Le selfie : image de soi ou reflet de l’entre-soi ?

Le selfie a été créé en 2004 par le site de partage de photos Flickr. Depuis, des milliards de photos sont prises et publiées dans le monde entier. Des photos de voyage, des clichés du quotidien, seul ou à plusieurs, spontanés ou travaillés, retouchés, filtrés. Si l’autoportrait a toujours existé, en photographie et en peinture, il a connu un essor avec l’avènement du réseau social Instagram et la facilité du partage de photos via Snapchat ou Messenger. En 2010, les développeurs d’Apple ont ajouté une caméra frontale à leurs produits. Le dictionnaire Oxford l’a élu mot de l’année en 2013.

La particularité du selfie ? Une photo de soi-même… par soi-même, à bout de bras ou face à un miroir.

Le selfie révèle la part de narcissisme de chacun. Poster ces photos n’est plus seulement un moyen de partager des moments de vie. Ces autoportraits apparaissent comme un outil pour booster l’ego et l’estime de soi. Ce phénomène s’inscrit dans la course aux likes et à la performance, voire même explique une part de l’engouement pour les publications de développement personnel.

La “reine des selfies”, c’est Kim Kardashian. En 2015, elle a publié un “livre de selfies”, appelé Selfish, contenant uniquement des selfies, dont certaines déjà publiées sur son compte instagram.

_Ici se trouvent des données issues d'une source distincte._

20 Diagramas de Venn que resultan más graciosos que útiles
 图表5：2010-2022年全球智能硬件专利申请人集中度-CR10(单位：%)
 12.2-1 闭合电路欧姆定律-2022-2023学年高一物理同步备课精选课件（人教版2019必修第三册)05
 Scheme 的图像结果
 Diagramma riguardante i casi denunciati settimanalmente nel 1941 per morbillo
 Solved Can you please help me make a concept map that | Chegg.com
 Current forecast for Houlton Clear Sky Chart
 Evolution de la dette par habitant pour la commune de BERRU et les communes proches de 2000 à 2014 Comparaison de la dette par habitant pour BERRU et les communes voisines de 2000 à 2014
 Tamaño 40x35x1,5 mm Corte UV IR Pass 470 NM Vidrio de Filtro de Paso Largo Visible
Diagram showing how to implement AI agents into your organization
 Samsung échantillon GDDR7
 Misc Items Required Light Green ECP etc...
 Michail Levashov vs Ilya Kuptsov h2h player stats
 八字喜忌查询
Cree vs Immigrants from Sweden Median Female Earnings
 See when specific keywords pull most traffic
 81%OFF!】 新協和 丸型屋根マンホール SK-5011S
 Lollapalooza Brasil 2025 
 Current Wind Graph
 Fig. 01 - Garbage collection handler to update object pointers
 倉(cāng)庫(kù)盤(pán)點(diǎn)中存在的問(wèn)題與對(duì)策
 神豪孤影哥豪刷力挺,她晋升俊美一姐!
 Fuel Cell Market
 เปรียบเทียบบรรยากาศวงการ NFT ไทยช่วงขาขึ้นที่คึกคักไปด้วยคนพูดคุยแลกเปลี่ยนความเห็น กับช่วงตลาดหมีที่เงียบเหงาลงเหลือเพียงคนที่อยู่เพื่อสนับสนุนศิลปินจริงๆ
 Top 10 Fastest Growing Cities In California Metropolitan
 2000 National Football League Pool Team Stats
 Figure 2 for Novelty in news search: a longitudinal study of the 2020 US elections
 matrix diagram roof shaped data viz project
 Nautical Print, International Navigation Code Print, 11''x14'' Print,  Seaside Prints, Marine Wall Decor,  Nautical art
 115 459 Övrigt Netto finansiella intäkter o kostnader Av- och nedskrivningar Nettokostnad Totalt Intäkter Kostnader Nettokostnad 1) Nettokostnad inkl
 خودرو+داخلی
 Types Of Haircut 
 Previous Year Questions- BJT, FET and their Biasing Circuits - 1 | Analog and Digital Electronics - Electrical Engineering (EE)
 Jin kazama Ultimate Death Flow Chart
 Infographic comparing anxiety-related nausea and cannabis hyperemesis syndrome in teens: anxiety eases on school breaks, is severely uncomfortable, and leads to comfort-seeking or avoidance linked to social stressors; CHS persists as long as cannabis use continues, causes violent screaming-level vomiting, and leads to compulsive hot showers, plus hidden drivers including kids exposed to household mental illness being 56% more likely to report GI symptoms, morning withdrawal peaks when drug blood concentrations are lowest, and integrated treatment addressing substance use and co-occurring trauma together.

Des bloggers écrivent des articles apprenant “Comment réussir un selfie parfait”. Le caractère spontané du selfie disparaît. Mais qu’est-ce que la perfection ? Le selfie permet de contrôler son image. Choisir le cadre et les angles, retoucher et poster : l’auteur du selfie reste maître de lui-même. Le croit-il ?

Au-delà de tout ce qu’on peut dire sur la part égotique du selfie, là n’est peut-être plus l’essentiel, à l’heure où se déploient des algorithmes d’analyse des visages et des émotions.

Faussement démonstrateur d’une activité sociale sur-active, il renvoie une représentation de soi qui correspond à la norme, aux diktats et aux attentes de la communauté d’appartenance. En images, la démonstration, à une échelle mondiale de ce que Jérôme Fourquet appelle L’Archipel français.